What to work on: Reproduce only the lines below from the line containing "Mail Order Bride" to the line containing "Nonviolent Resistance as", exactly as written, with both end lines kept. Omit the pictures.
= Beginning of Section =
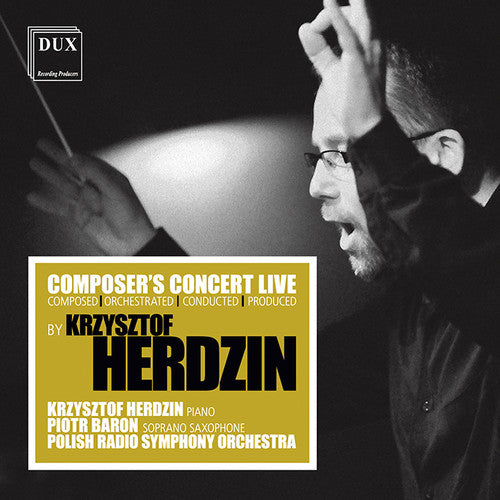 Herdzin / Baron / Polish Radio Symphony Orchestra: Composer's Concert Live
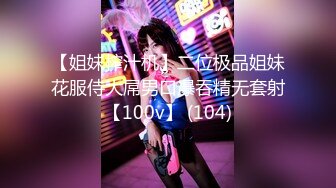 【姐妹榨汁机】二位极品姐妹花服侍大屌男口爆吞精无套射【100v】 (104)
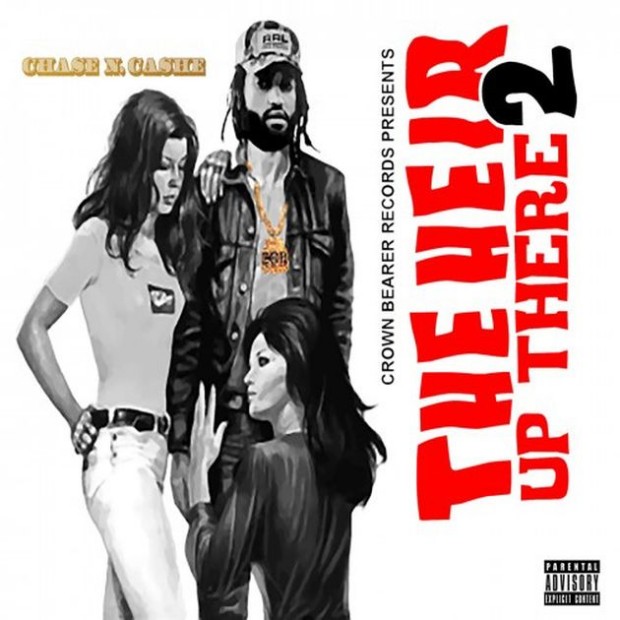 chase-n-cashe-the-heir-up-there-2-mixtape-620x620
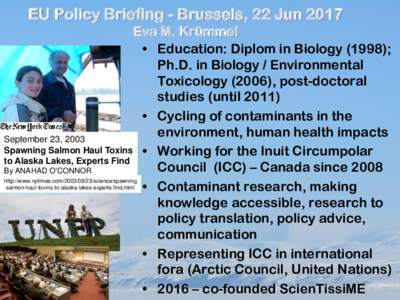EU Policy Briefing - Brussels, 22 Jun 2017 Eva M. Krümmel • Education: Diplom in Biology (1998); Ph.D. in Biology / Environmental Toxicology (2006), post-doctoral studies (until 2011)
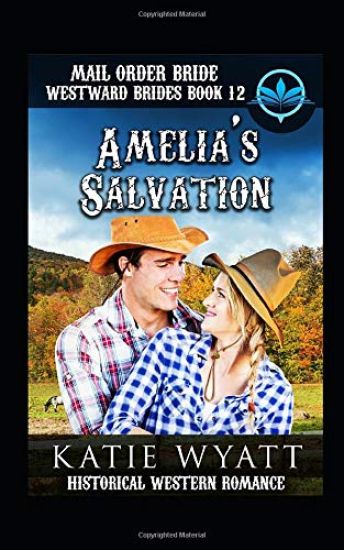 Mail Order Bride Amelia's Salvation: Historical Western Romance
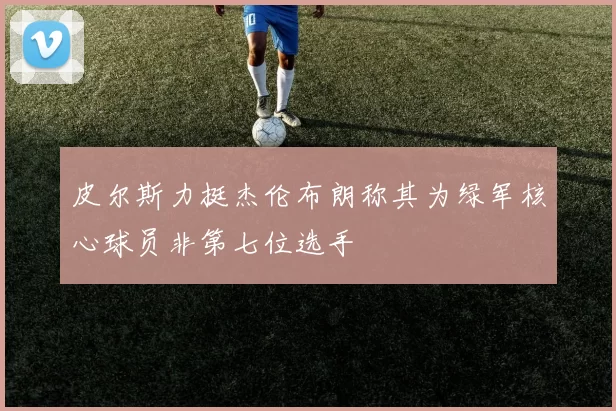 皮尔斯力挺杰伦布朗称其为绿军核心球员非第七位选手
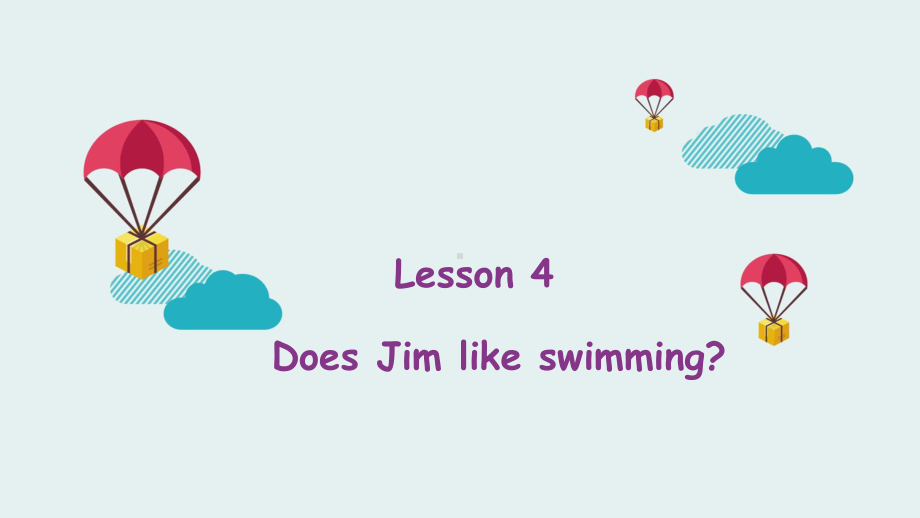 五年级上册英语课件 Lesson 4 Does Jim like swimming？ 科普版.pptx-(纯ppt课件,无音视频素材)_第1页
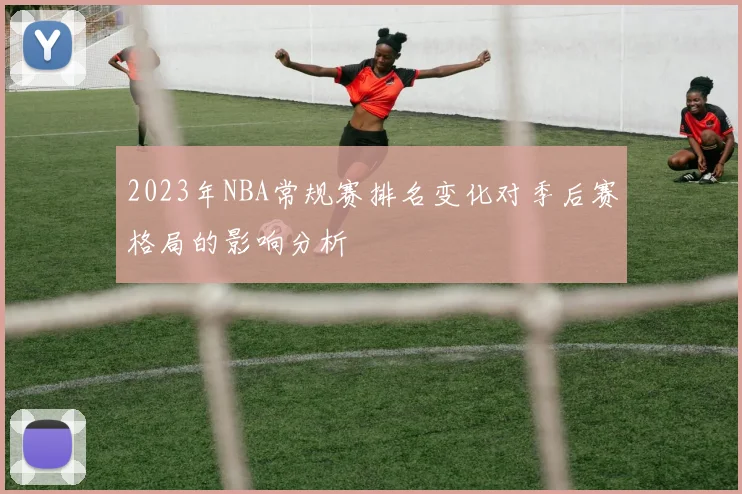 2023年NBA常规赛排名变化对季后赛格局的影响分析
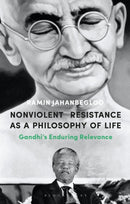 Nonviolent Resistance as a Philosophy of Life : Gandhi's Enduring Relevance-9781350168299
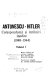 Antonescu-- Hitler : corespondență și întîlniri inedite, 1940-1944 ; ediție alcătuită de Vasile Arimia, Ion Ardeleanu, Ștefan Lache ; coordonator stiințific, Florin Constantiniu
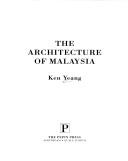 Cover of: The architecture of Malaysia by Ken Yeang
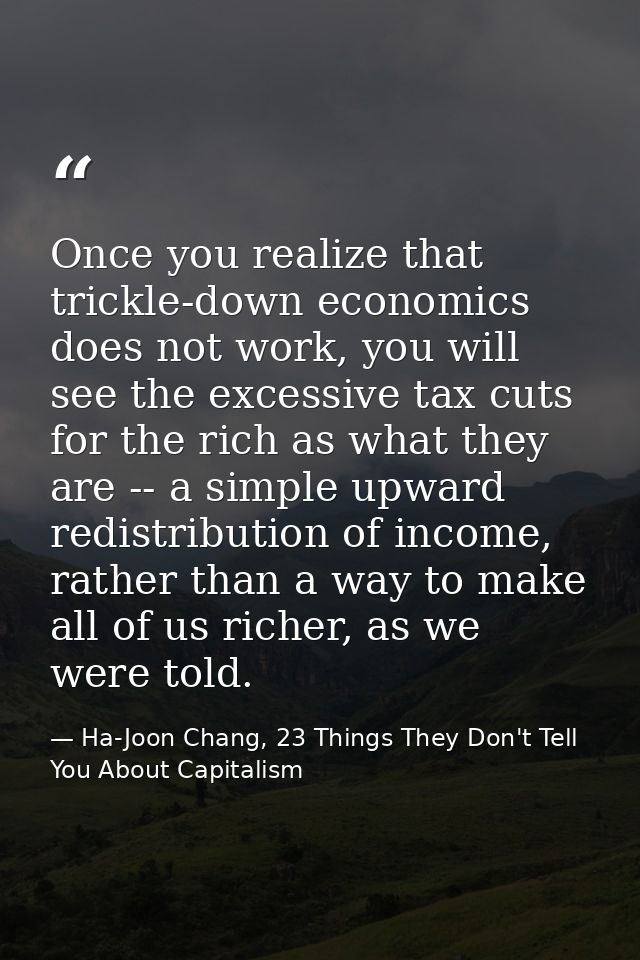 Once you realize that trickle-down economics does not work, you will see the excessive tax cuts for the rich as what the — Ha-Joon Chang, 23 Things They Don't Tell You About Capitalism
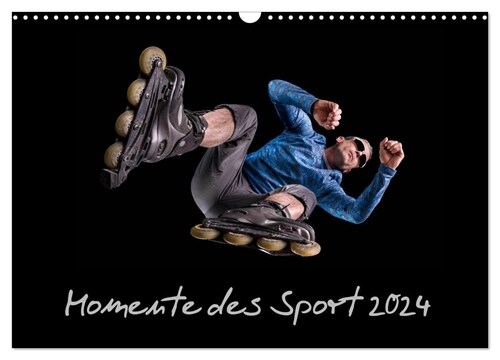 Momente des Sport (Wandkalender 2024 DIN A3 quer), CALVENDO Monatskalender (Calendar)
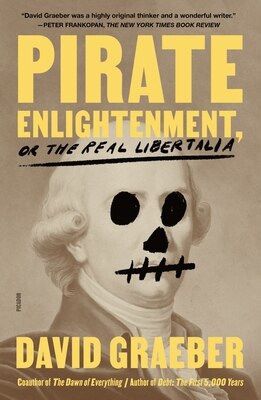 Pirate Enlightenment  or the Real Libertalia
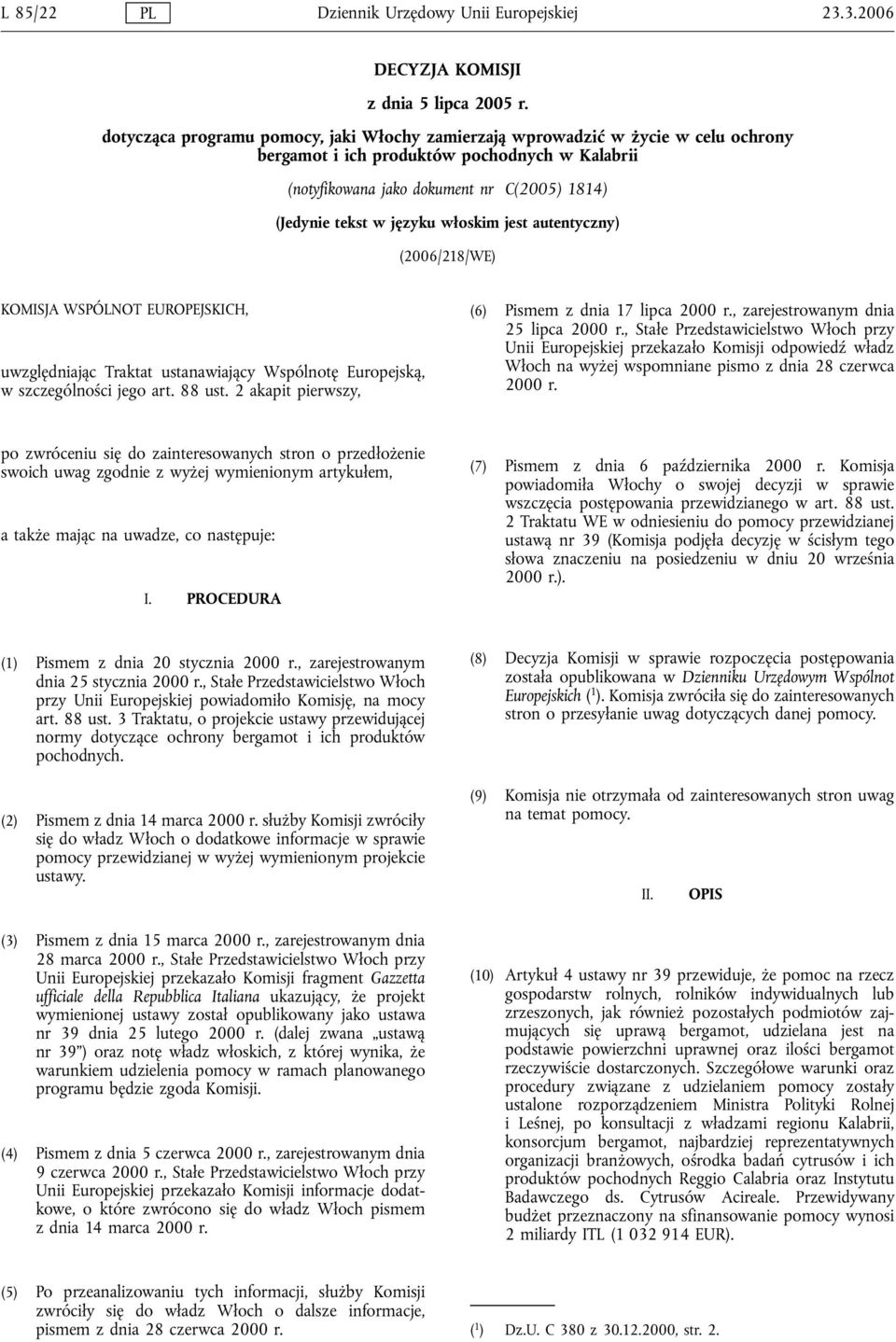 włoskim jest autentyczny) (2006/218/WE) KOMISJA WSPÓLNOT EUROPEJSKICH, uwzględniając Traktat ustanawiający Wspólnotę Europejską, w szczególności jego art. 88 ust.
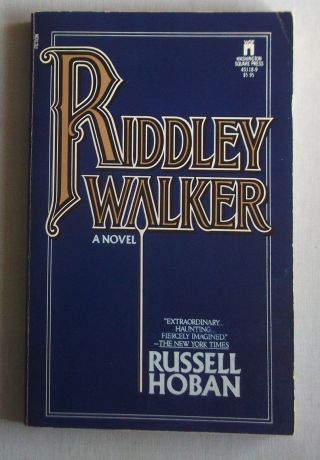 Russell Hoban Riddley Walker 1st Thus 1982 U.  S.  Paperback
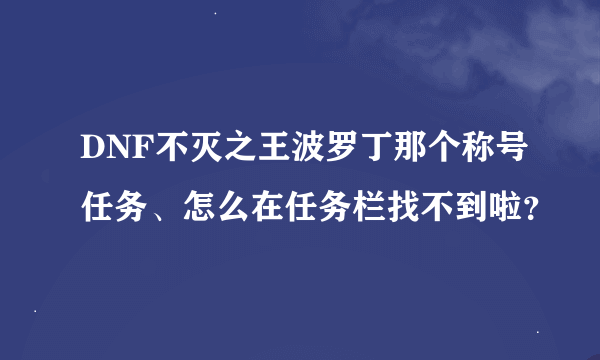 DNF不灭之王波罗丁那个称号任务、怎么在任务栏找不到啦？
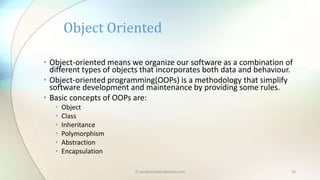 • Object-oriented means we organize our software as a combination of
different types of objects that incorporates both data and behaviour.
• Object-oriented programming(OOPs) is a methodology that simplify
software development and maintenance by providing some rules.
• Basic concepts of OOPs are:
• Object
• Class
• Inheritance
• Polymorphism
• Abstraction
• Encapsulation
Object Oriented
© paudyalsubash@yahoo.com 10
= End of Section =
Result:
 Mail Order Bride Amelia's Salvation: Historical Western Romance
 皮尔斯力挺杰伦布朗称其为绿军核心球员非第七位选手
 五年级上册英语课件 Lesson 4 Does Jim like swimming？ 科普版.pptx-(纯ppt课件,无音视频素材)_第1页
 2023年NBA常规赛排名变化对季后赛格局的影响分析
 Nonviolent Resistance as a Philosophy of Life : Gandhi's Enduring Relevance-9781350168299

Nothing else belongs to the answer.